Hydrothermal Aging of LDPE
Thermal aging of various PE materials (low density stabilized by ethylene vinyl acetate (EVA) or not, 2 types of medium density) from various suppliers has been studied in wet conditions, whereas the present methods used for qualification are restricted to dry conditions. The question was: Does physicochemical thermal aging happen to PE up to 100 C (212 F) in water?
The tests were carried out by Korrosionstechnik Heim. The following test conditions were used: dry air at 100 C (212 F); demineralized water at 60 (140 F), 80 (176 F), and 100 C; and air saturated with water vapor at 60 and 80 C. The effect of aging was assessed using elongation and tensile strength at break and Melt Mass Flow Rate (MFR). No significant change was noticed after 5,000 hours of testing for all products and all test conditions. Consequently, no explanation has been given so far for what was noted on the Rabi pipelinewhere cracking of PE topcoat in some locations led to corrosion. Loss of the EVA additives is still the proposed answer, but not a proven explanation. A bad batch of PE could be involved in this issue.

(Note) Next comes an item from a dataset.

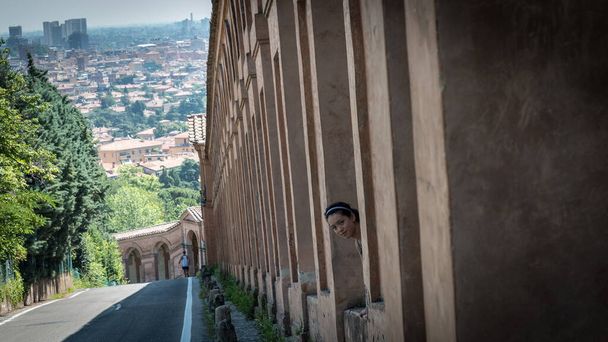 Teen with headband sticking her head out between columns of portico in Bologna Ιταλία - Φωτογραφία, εικόνα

Conclusion: Present Situation and Future Work
The major corrosion problems are related to disbondment of heat-shrinkable sleeves applied on field joints of buried pipelines. For Total, abrasive blast cleaning is now mandatory before application of HSS and not only "recommended" for new onshore pipelines. In addition, the general trend is to apply, instead of HSS, liquid polyurethane (PUR) or epoxy for field joint coating onshore.

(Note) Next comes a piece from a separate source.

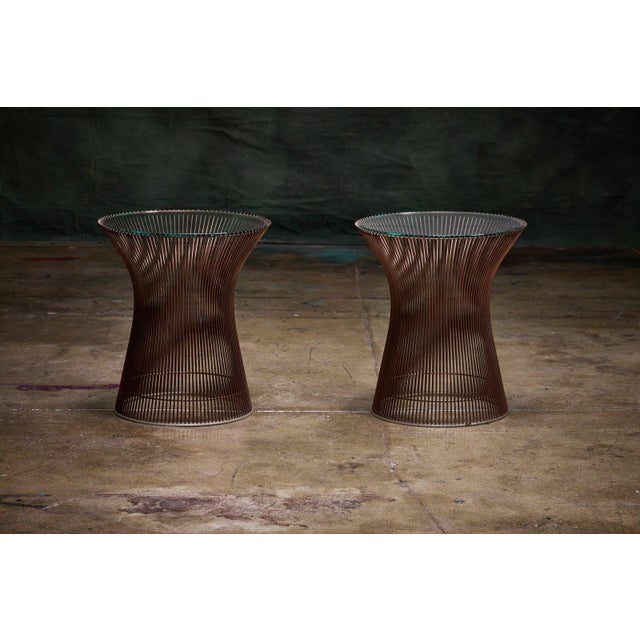 Pair of Warren Platner side tables with rare copper wire-rod bases and glass tops. - Produced by Knoll, USA. - The bases...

It is of utmost importance to demonstrate whether an improvement of the adhesion safety margin of 3LPOcoatings is possible or not. If not, modification of Total's basic choice could be changed in favor of FBE, in spite of the better mechanical resistance of 3LPO coatings (generally considered as a plus by pipe laying contractors). Parameters related to the composition of epoxy powders have been studied. Methods such as measurement of "Wet Tg" and the use of two-layer FBE/adhesive coatings are very promising approaches from lab studies. However, the differences noted in water intake do not correlate with the severe loss of adhesion of the coating when immersed in water, especially when water temperature is above ambient. For the time being, the following criteria have been introduced in Total's general specifications for selection of epoxy primer: water absorption lower than 10% after 28 days at 80 C and "Wet Tg" greater than maximum operating temperature +10 C above the operating temperature.

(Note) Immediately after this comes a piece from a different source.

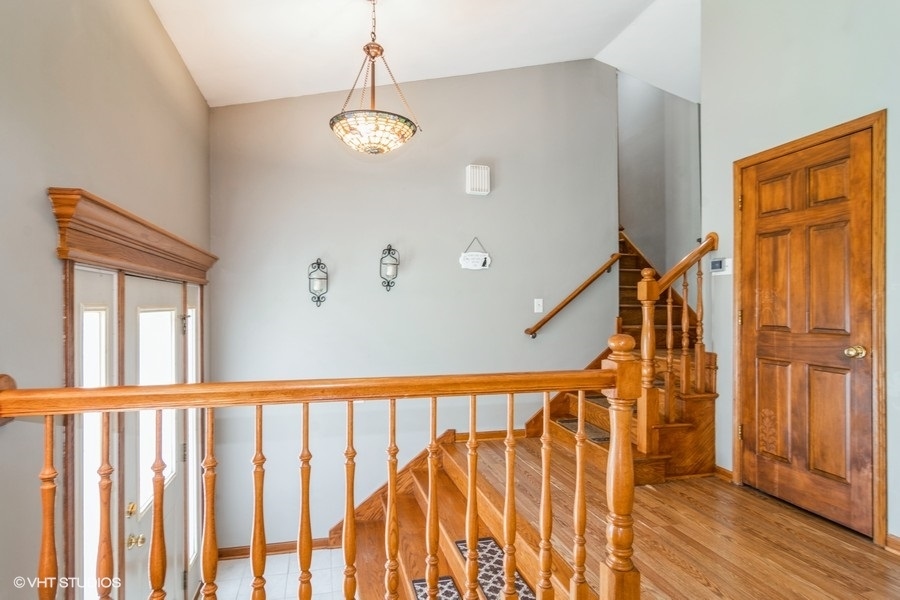 28 Jack Street Plano, IL 60545 - Photo 13 of 21 a view of a hallway with wooden floor and staircase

The future work necessary for a better knowledge of the problem of 3LPO disbondment will be researched through a continuation of the studies at IFP, especially on test samples taken from actual pipes recently coated for various projects, and also on other epoxy powders and surface preparation systems. The Ph.D. work launched to better understand the mechanism of bonding of epoxy to steel will address factors such as mechanical vs. chemical anchor, surface preparation and treatment, and internal stresses within the coating. In addition, the study carried out in the U.S. on the internal stresses will be highly profitable for the development of knowledge.17
Continuation of field experience feedback will be organized in order to better know the influence of parameters such as temperature or soil humidity. All possible efforts will be made to push operating subsidiaries to perform excavations and field measurements in order to contribute to and assess correlations between disbondment and soil and operating parameters.

A more relevant accelerated aging test allowing a better prediction of long term behavior remains to be established (especially through EPRG collaboration) and implemented in the future revision of ISO 21809 standards currently on the way of completion based on a conventional approach.